Image-text web data:
<<<<
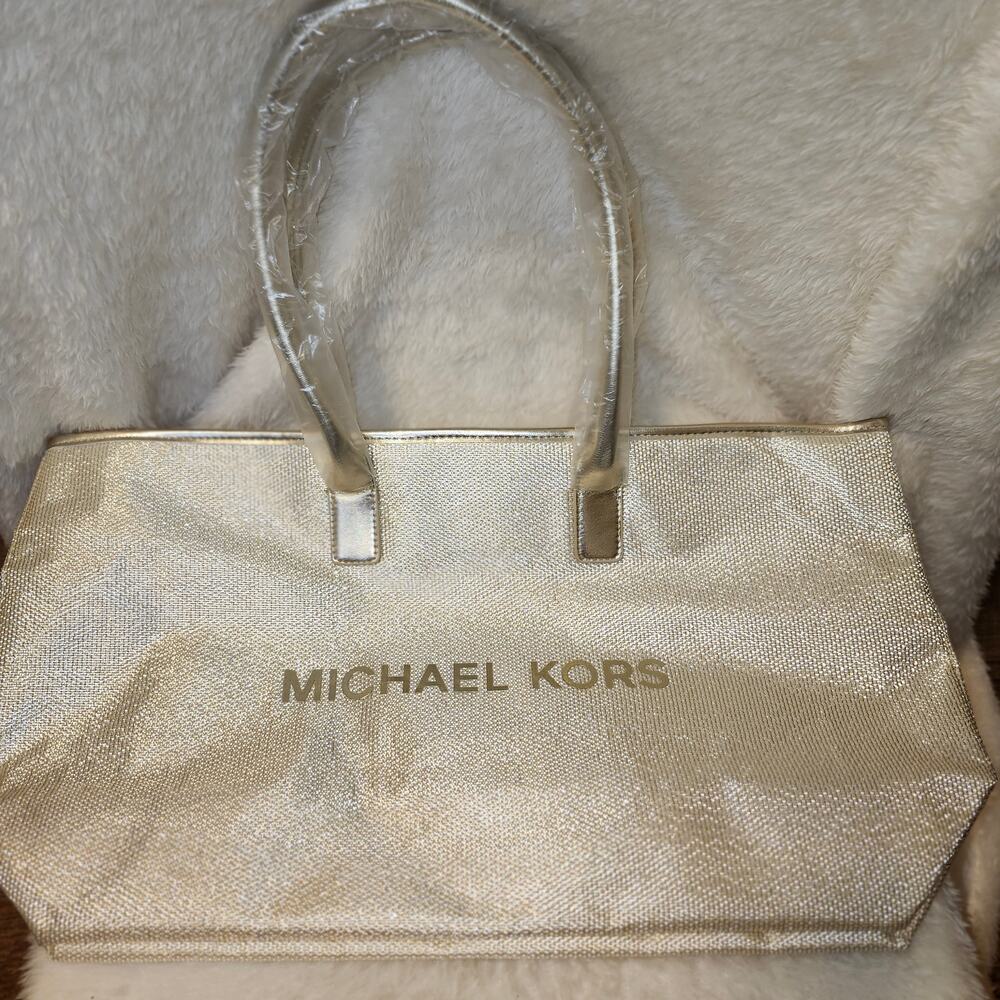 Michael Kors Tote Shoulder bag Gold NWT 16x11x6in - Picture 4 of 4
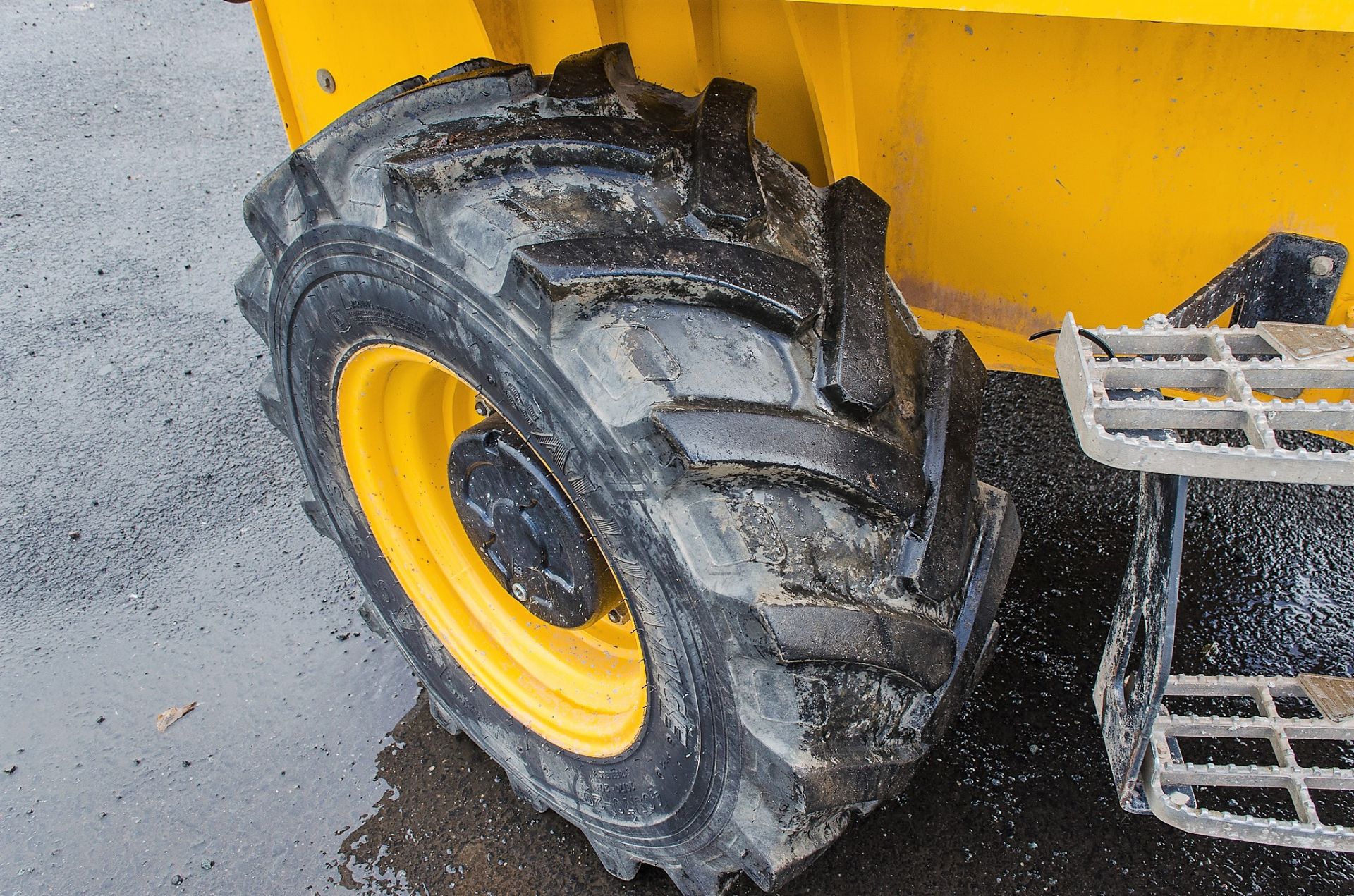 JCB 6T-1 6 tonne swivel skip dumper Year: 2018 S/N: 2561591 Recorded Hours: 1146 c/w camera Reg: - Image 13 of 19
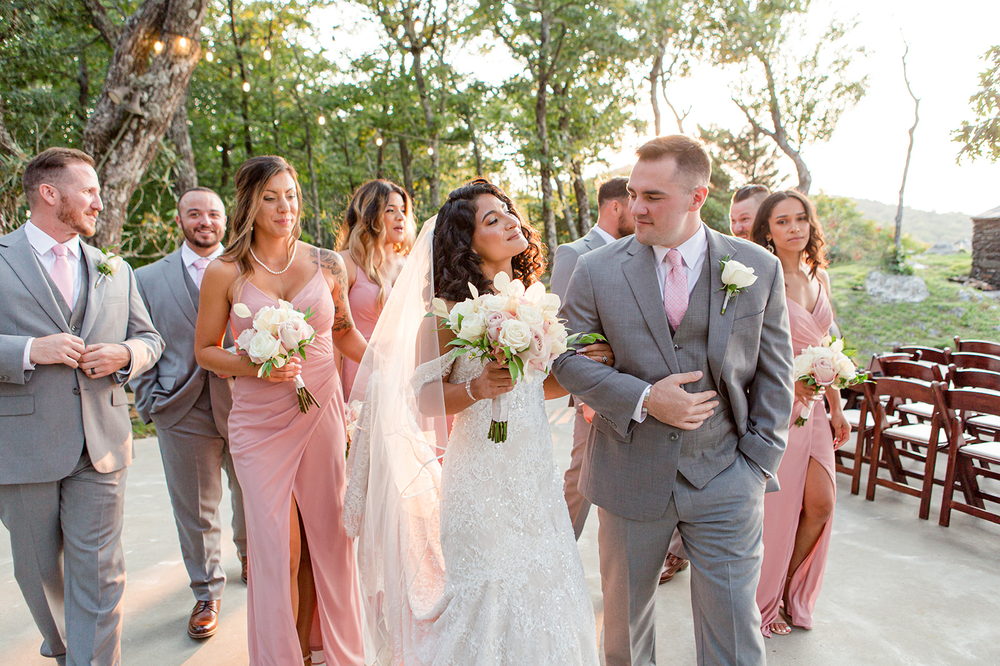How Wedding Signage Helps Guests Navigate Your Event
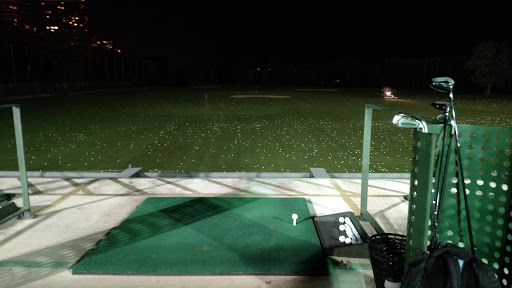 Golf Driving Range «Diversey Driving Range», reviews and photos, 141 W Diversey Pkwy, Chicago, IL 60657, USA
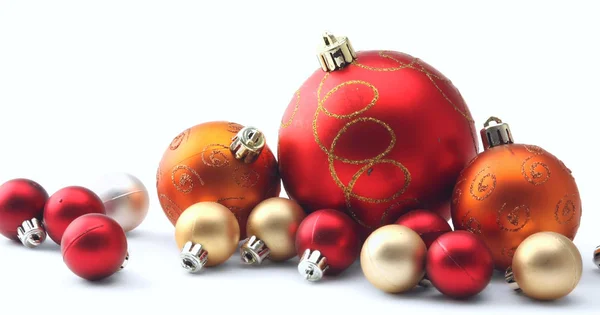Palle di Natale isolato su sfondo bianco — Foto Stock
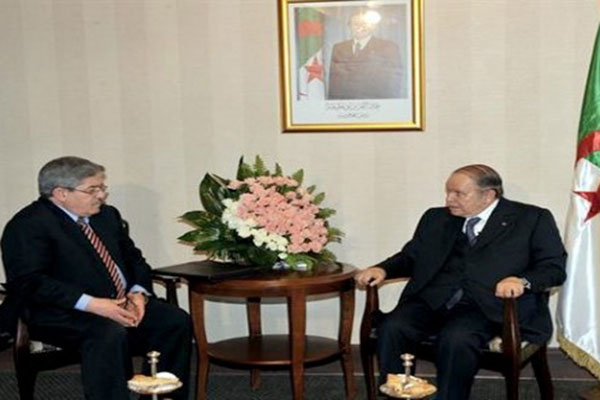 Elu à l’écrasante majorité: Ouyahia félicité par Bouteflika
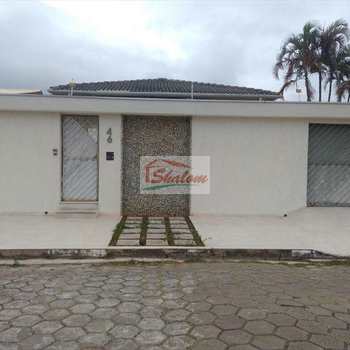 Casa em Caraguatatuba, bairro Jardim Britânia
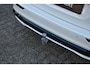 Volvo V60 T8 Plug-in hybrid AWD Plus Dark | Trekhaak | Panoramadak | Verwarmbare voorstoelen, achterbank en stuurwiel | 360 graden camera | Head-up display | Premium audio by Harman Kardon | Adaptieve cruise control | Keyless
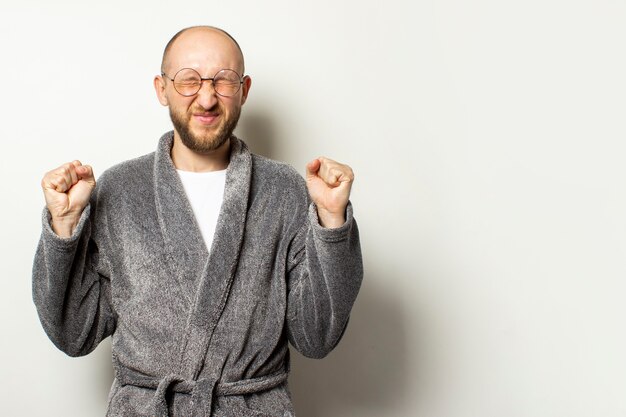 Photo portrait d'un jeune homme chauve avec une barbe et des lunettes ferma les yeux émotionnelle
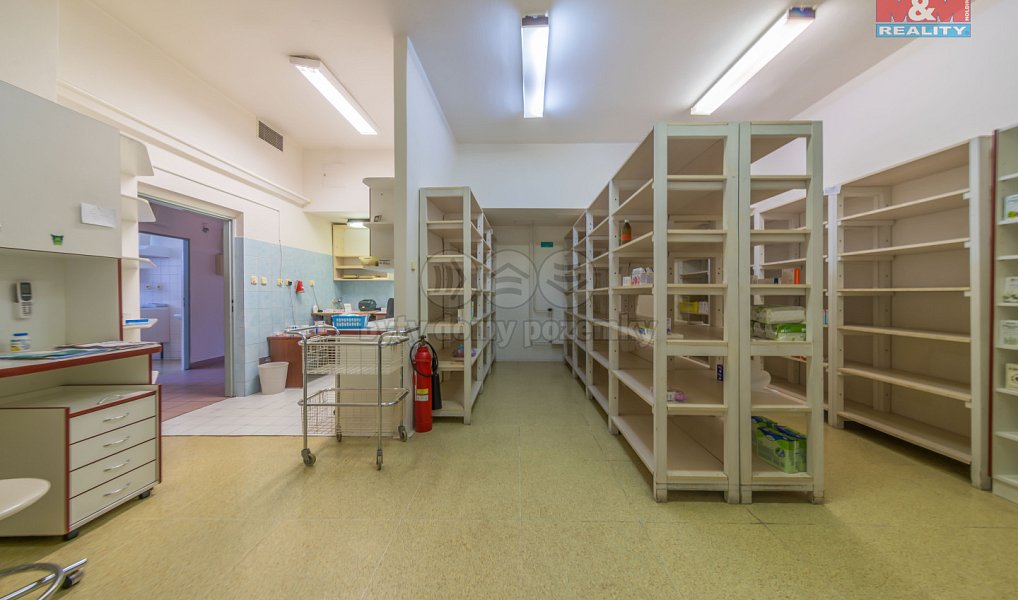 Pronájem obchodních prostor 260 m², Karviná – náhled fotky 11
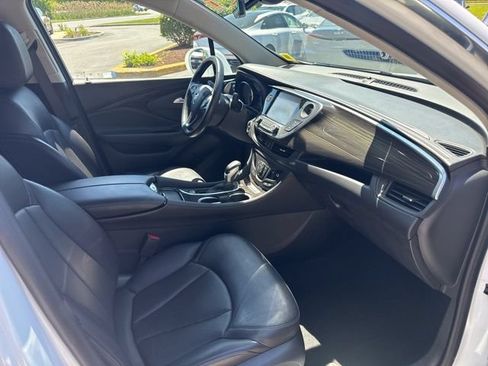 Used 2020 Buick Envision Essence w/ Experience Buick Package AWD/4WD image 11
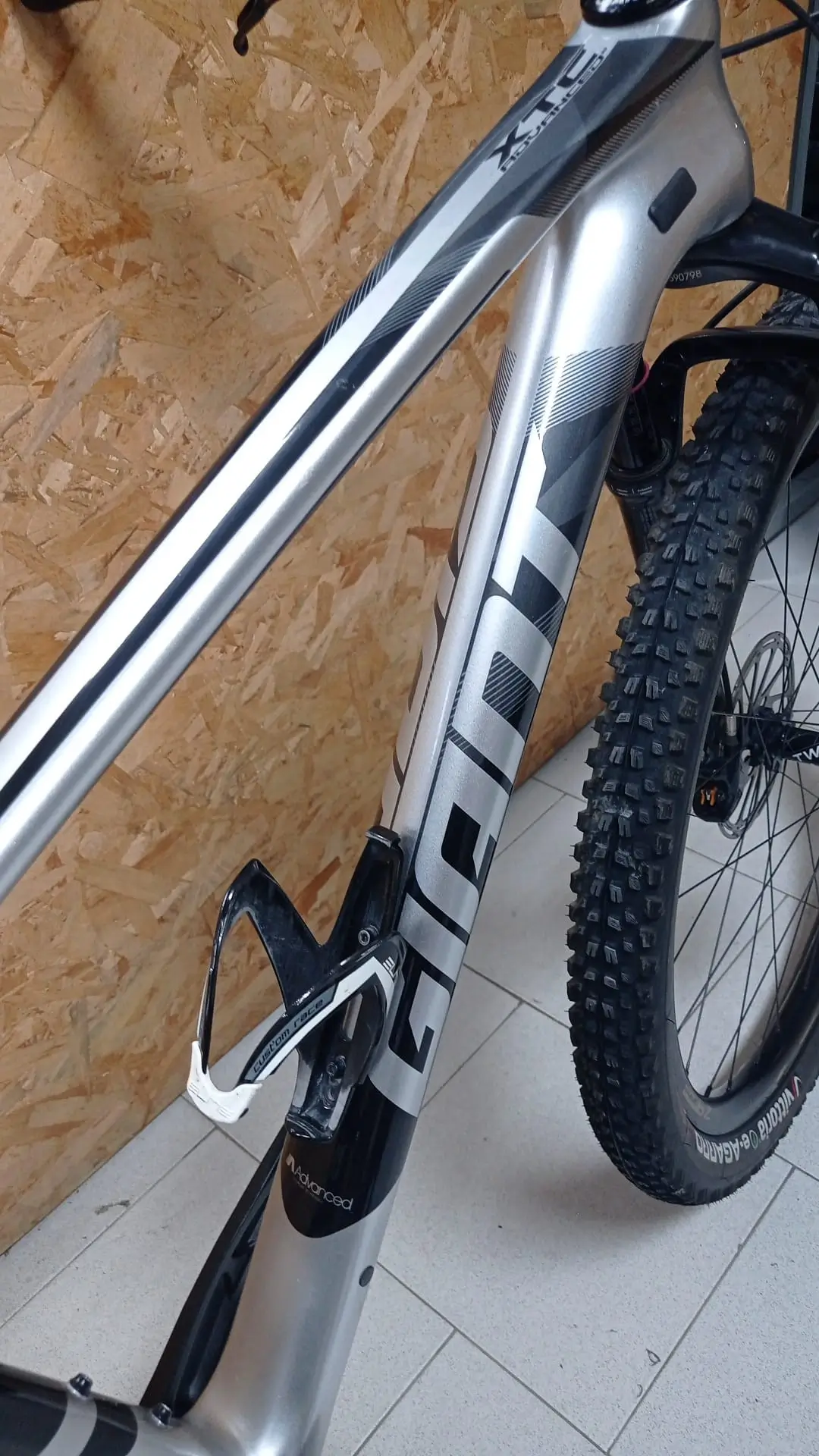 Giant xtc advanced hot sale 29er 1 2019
>>>>
TO DO: Would you write each entry out again exactly, omitting the images?

ANSWER BOX:
 Michael Kors Tote Shoulder bag Gold NWT 16x11x6in - Picture 4 of 4
 JCB 6T-1 6 tonne swivel skip dumper Year: 2018 S/N: 2561591 Recorded Hours: 1146 c/w camera Reg: - Image 13 of 19
How Wedding Signage Helps Guests Navigate Your Event
 Golf Driving Range «Diversey Driving Range», reviews and photos, 141 W Diversey Pkwy, Chicago, IL 60657, USA
Palle di Natale isolato su sfondo bianco — Foto Stock
 Elu à l’écrasante majorité: Ouyahia félicité par Bouteflika
 Casa em Caraguatatuba, bairro Jardim Britânia
 Volvo V60 T8 Plug-in hybrid AWD Plus Dark | Trekhaak | Panoramadak | Verwarmbare voorstoelen, achterbank en stuurwiel | 360 graden camera | Head-up display | Premium audio by Harman Kardon | Adaptieve cruise control | Keyless
 Photo portrait d'un jeune homme chauve avec une barbe et des lunettes ferma les yeux émotionnelle
 Pronájem obchodních prostor 260 m², Karviná – náhled fotky 11
 Used 2020 Buick Envision Essence w/ Experience Buick Package AWD/4WD image 11
 Giant xtc advanced hot sale 29er 1 2019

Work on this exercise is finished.